Tim P

Terry · ‎11-04-2017

How would I vectorise (say for avx2) a doubly indexed loop containing the following code:

double f (double lhs, double  rhs)
{
int index;
std::frexp(rhs, index);
auto twopwr = std::ldexp(double(.5), index);
return (lhs * twopwr + (rhs - twopwr);
}

So optimise/vectorise the following:

for (ptrdiff  i= 0; i < end(X) - begin(X) ; ++i)
   for (ptrdiff  j= 0; j < end(Y) - begin(Y) ; ++j)
      ANS.emplace_back( f(*(begin(X)+i), *(begin(Y)+j)) );

Where ANS X and Y are appropriately aligned vectors of doubles. One may reorder the loops. The order in ANS is not important here and can be dealt with elsewhere in the code. Actually f should be template and I need code that works work for floats, doubles, extended doubles, ...

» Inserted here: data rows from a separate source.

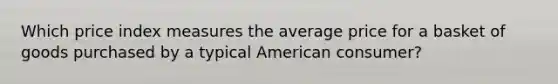 Which price index measures the average price for a basket of goods purchased by a typical American consumer?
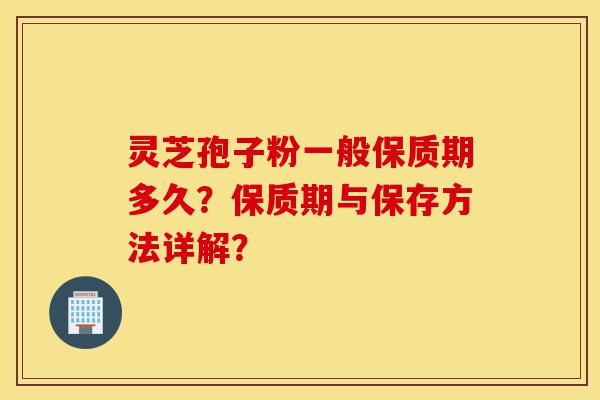 灵芝孢子粉一般保质期多久?保质期与保存方法详解?-第1张图片-灵芝之家 灵芝孢子粉一般保质期多久?保质期与保存方法详解?-第1张图片-灵芝之家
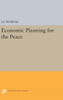 Economic Planning For The Peace (Princeton Legacy Library, 1921)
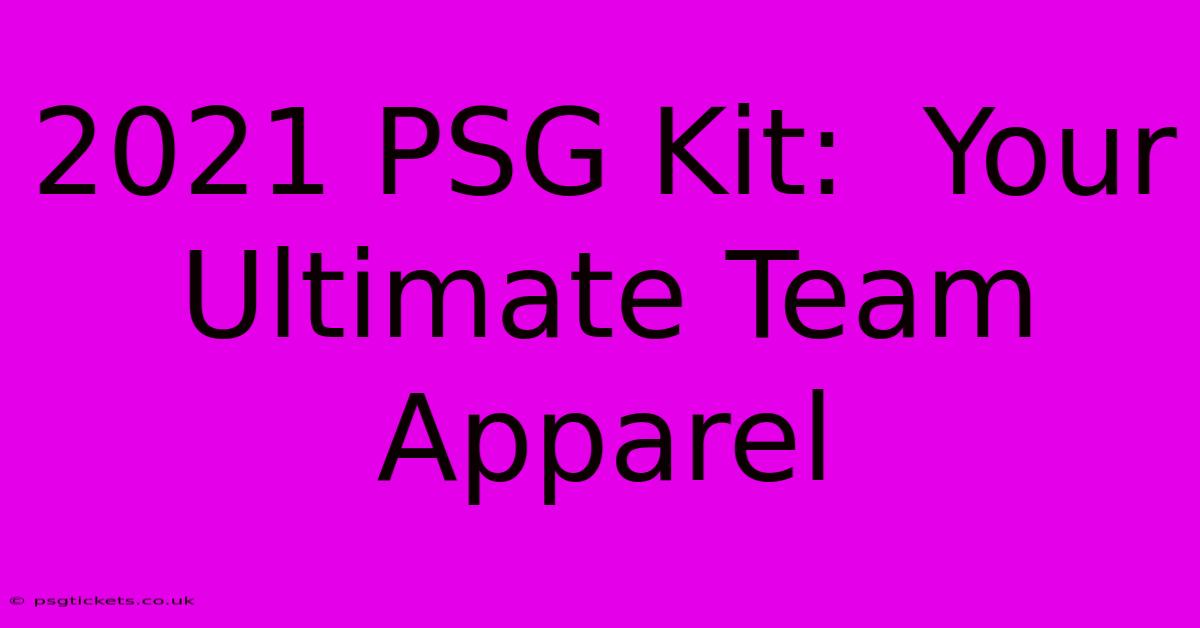 2021 PSG Kit:  Your Ultimate Team Apparel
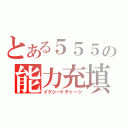 とある５５５の能力充填（イクシードチャージ）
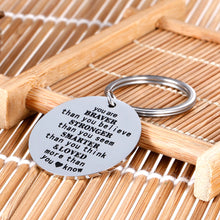 Load image into Gallery viewer, Inspirational Encouragement Keychain Graduation Anniversary Birthday Family Presents for Son Daughter You are Braver Than You Believe Stronger Keyring Christmas Presents for Women Men Teen Girls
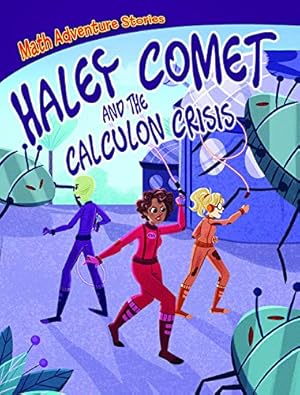 Seller image for Haley Comet and the Calculon Crisis (Math Adventure Stories) for sale by Redux Books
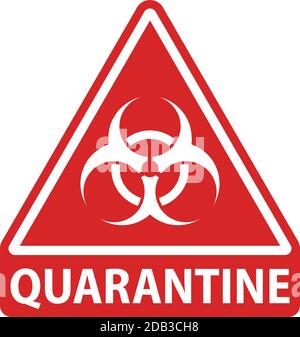 Panneau d'avertissement de quarantaine avec symbole de danger biologique. Signe triangulaire de couleur rouge Illustration de Vecteur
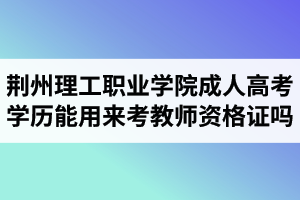 荊州理工職業(yè)學(xué)院成人高考學(xué)歷能用來(lái)考教師資格證嗎？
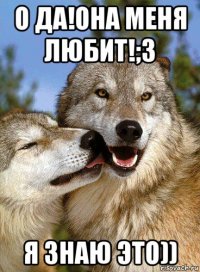 о да!она меня любит!;з я знаю это))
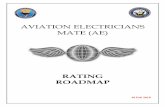 AVIATION ELECTRICIANS MATE (AE) - Navy Tribe · Seaman Recruit to Master Chief Roadmaps The educational roadmap below will assist Sailors in the Aviation Electricians Mate ... competent
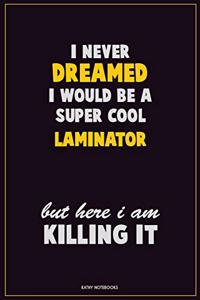 I Never Dreamed I would Be A Super Cool Laminator But Here I Am Killing It: Career Motivational Quotes 6x9 120 Pages Blank Lined Notebook Journal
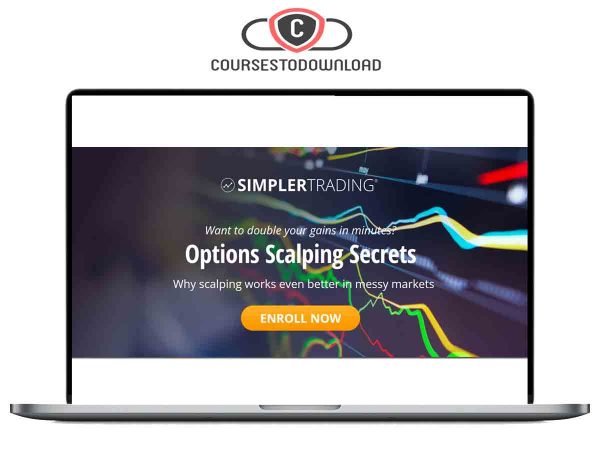 Simpler Trading – Options Scalping Secrets Download Simpler Trading – Options Scalping Secrets Download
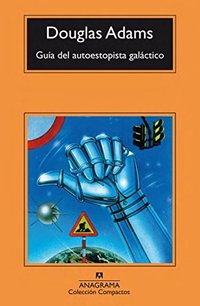 Guía del autoestopista galáctico (Anagrama Océano 2014)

The values lhs and rhs and f(lhs, rhs) are constrained and will always be fully represented positive integer doubles in the sense they are strictly positive and that index is always less than 53 and the integer part of lhs or rhs always equals lhs, rhs respectively. One could size ANS so that there were no memory allocations during the loops.

Suggestions appreciated?

TimP · ‎11-04-2017

You might check that your svml library includes the corresponding frexp and frexp. If the compiler has difficulty seeing invariant loop count, you could set the count as a local. There is no vectorization for extended double. You would likely need ivdep or simd pragma.

Terry · ‎11-04-2017

Tim P

Thanks for this. I have not found a link to any intel documentation that suggests the compiler will auto vectorise a loop with ldexp or frexp in it. Nor can I find any intrinsics that will do it; but I am not expert on what is available. boost::simd:: seems the main place for what I need but it would introduce a big dependency.

My guess is that it should be OK with the begin/end vectors so long as the construction of those vectors is local but I agree that it is something to remove, and then check if the process fails to vectorise when one has sorted the frexp etc.

I meant 128 bit doubles not extended doubles - my lack of clarity;.and yes, I would need simd pragma, and to template the function or embed it so it is inline and unrolls. Still the challenge seems to remain. .

vectorization of operations involving frexp ldexp modf etc.